His solution to this alleged cultural divide is the affirmation of core “civic virtues” like marriage, industriousness, and religiosity. Not only should they be advanced by the working class folks who adhere to them, but he says, “Married, educated people who work hard and conscientiously raise their kids shouldn’t hesitate to voice their disapproval of those who defy these norms.”
That ought to go over well with the young’uns.
Restoring American Dynamism
Fellow conservative David Brooks took a different approach to the problems faced by a hypothetical economically disadvantaged woman in his January 23 column at The New York Times. Brooks advocated “a two-pronged approach” to “restoring American dynamism” that includes “more economic freedom combined with more social structure; more competition combined with more support.” This translates into a simpler tax code, corporate tax cuts, streamlined regulations, flexible immigration policy, and a long-term balanced budget, as well as a host of measures that support education and more child care options for families.

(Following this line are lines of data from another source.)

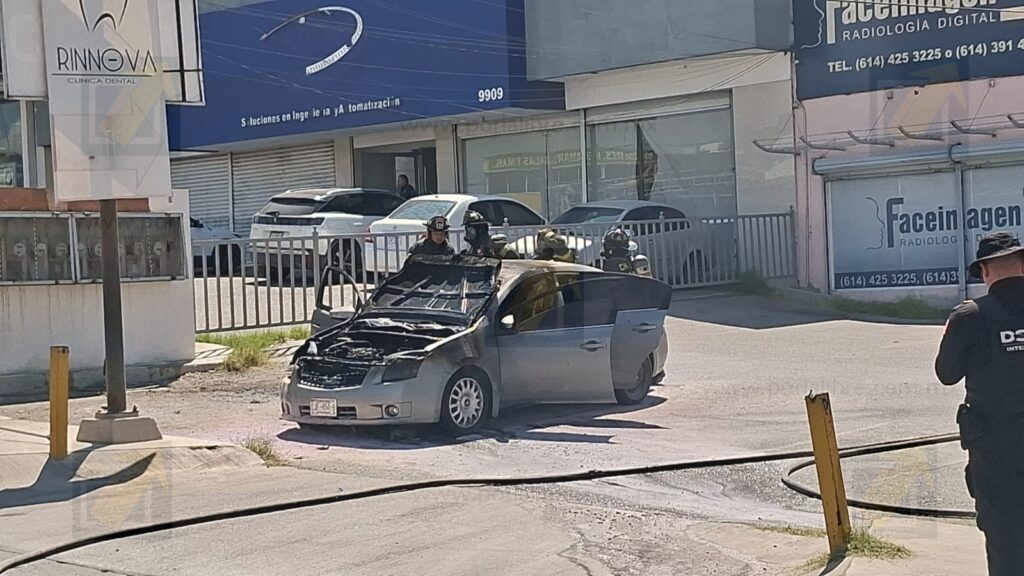 Falla mecánica termina en incendio y consume por completo un vehículo en el periférico de la Juventud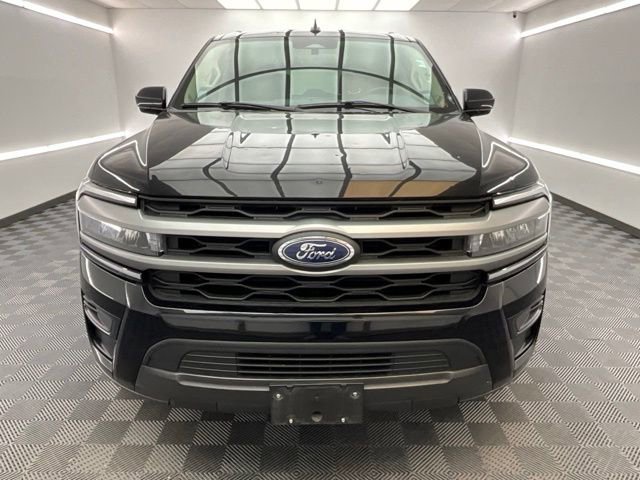 Used 2024 Ford Expedition XLT AWD/4WD image 2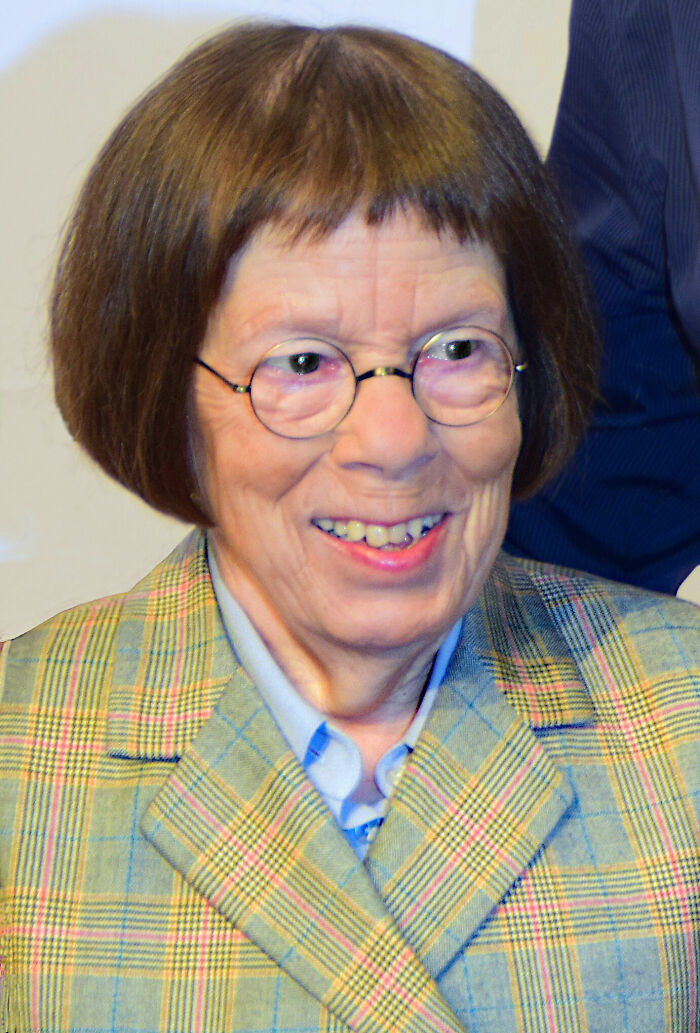 American Actress Linda Hunt, 81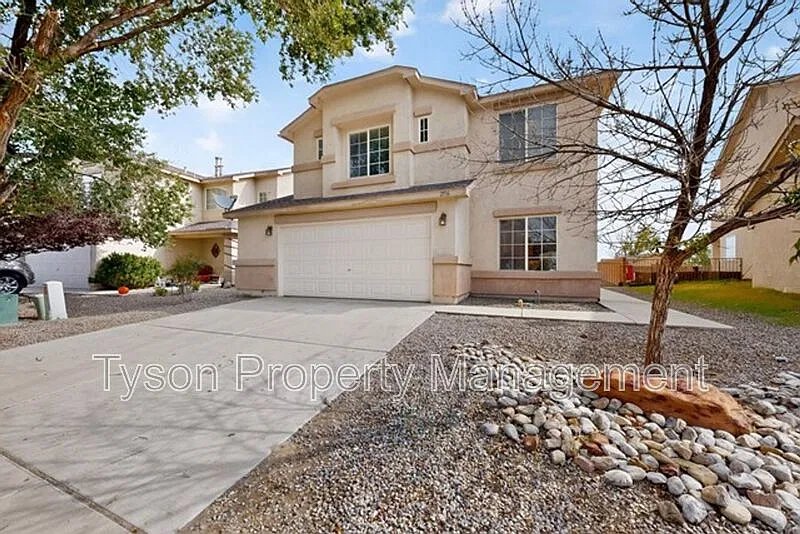 3 bed, 2.5 bath, 2276 sqft, $2,295 — Photo 2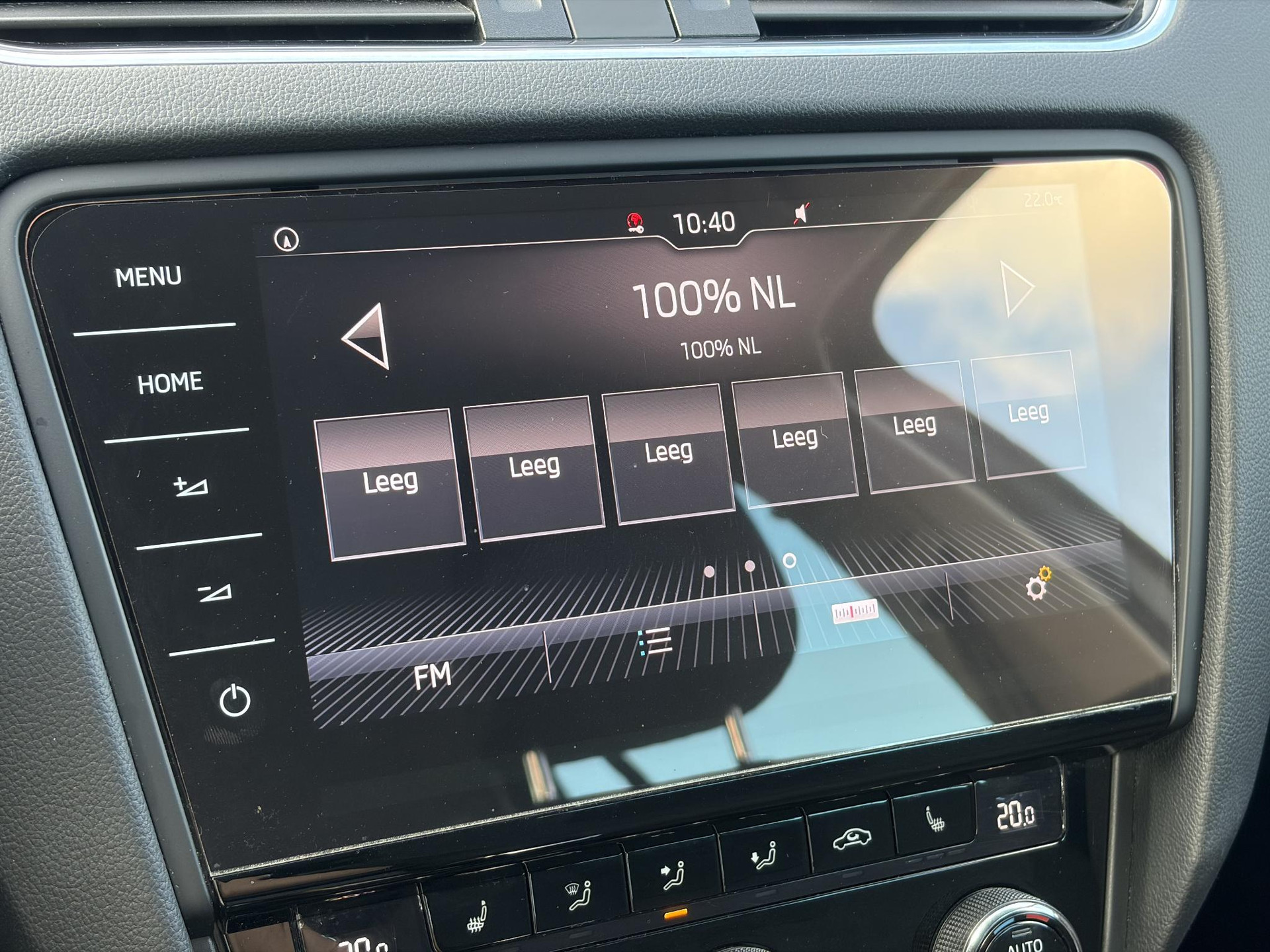 Skoda Octavia Combi 1.5 TSI Greentech Style Business 2e Eigenaar,Draadloze telefoonlader,Carplay,Camera,Navi,Trekhaak,150pk,Pdc V+A,Keyless,Clima,Cruise,Elekt.Stoel,Recent beurt gehad,N.A.P,Apk tot 07-2027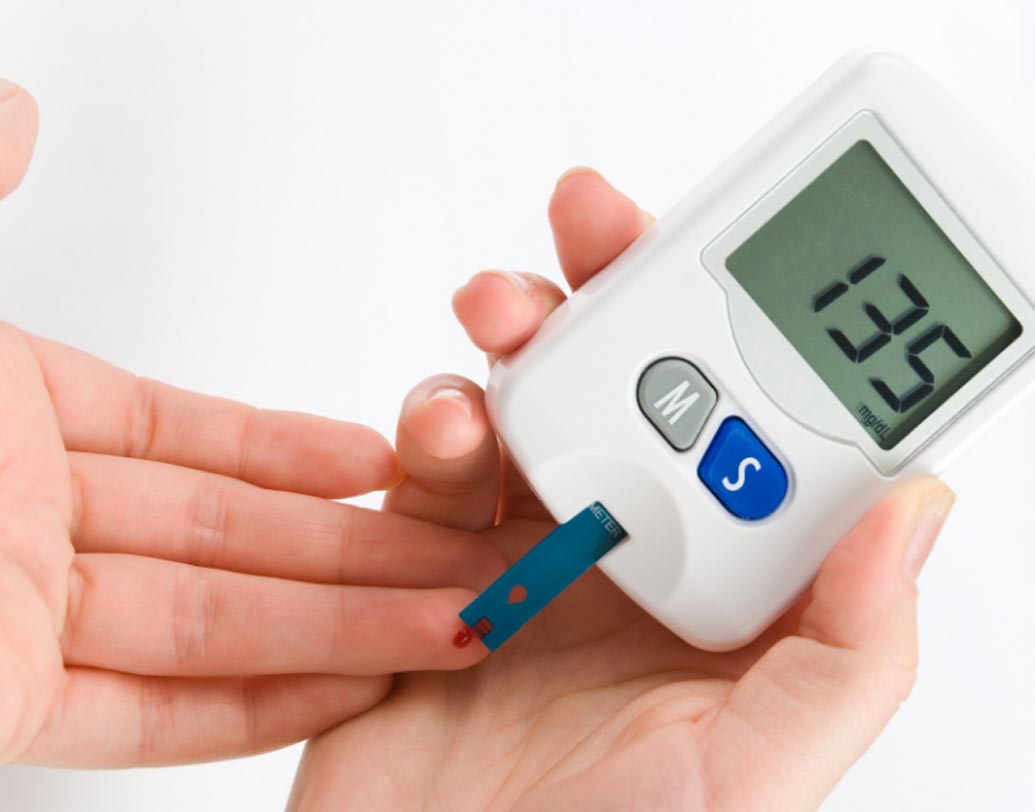 দেহে নিয়মিত দুর্গন্ধ হলে সাবধান হন। অনেকেই ব্লাড সুগার লেভেল পরীক্ষা করান না। দেহে শর্করার মাত্রা বাড়লেও মুখে দুর্গন্ধ হতে পারে।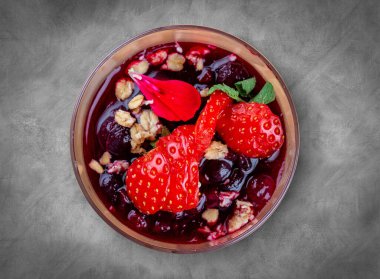 Tatlı panacotta. Sağlıklı beslenme. Paket yemek. Çevre ambalajı. Üst görünüm, gri arkaplanda.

At The American Conservative, Rod Dreher struck an even more moderate tone, rebuking Newt Gingrich’s “food stamp president” remark by reminding readers that SNAP benefits have doubled since 2008 because “the country suffered its worst economic collapse since the Great Depression!” Dreher contrasted SNAP spending with the estimated $107 billion bill that the Pentagon will present this year to U.S. taxpayers for what he regards as a futile war in Afghanistan.
Thank God for comedians …
Smoking Out the Satirical in Progressive Elitism
At The Weekly Standard, humor writer P.J. O’Rourke charged progressives with hating poor people. He was riffing on Maine’s new ban on smoking in all public housing, but he applied the critique WIDELY. Here’s a single satirical sentence that Murray might consider when pondering cultural divisions:
“Smoking kills smokers, which is about what they deserve for engaging in such lowbrow, wrong-headed, retarded, vulgarian activity, except they get sick first and that drives up the cost of a single-payer national health care system, plus their second-hand smoke is worse yet because it is a, yuck, inhalation hand-me-down from uncouth people who probably haven’t flossed, and it kills progressive elites who don’t even know anyone who smokes while also releasing greenhouse gases and stinking up the cheery curtains that elites hang in public housing group activity areas to brighten the lives of the underprivileged who are confined to concrete tower blocks with six-by-eight-foot living rooms, seven-foot ceilings, plexiglass windows, and sheet-metal doors with a dozen locks on them.”
Linament Salesmen and Other Ills
Speaking of humor, in a new interview with The Root, comedy legend Bill Cosby took on those who criticize him for “airing dirty laundry” about the Black community when he denounces its social dysfunctions, calling them “liniment salesmen.” He also expressed his concerns about teen pregnancy, Black-on-Black crime, and illiteracy. “I’m telling you that I’m worried and very, very concerned today when a mother, speaking about the son being in jail, says, ‘I’m happy. He’s in a safe place.’ You cannot take that casually,” Cosby warned, and that’s not funny at all.
Winfrey the Non-Conformist Anomaly
Leave it to media mogul Oprah Winfrey to defy them all. In an interview with India’s NDTV, Winfrey said that she and Stedman Graham would have been divorced by now if they had gotten married. “I really am my own woman and I don’t really conform very well to other people ideas about who and what I should be and being married calls for some conformity,” said Winfrey. But then, these guys would probably say she’s the exception that proves the rule.
What do you think?
Is there a cultural divide between a new upper class and a new lower class. If so, who’s to blame and what, if anything, is to be done about it?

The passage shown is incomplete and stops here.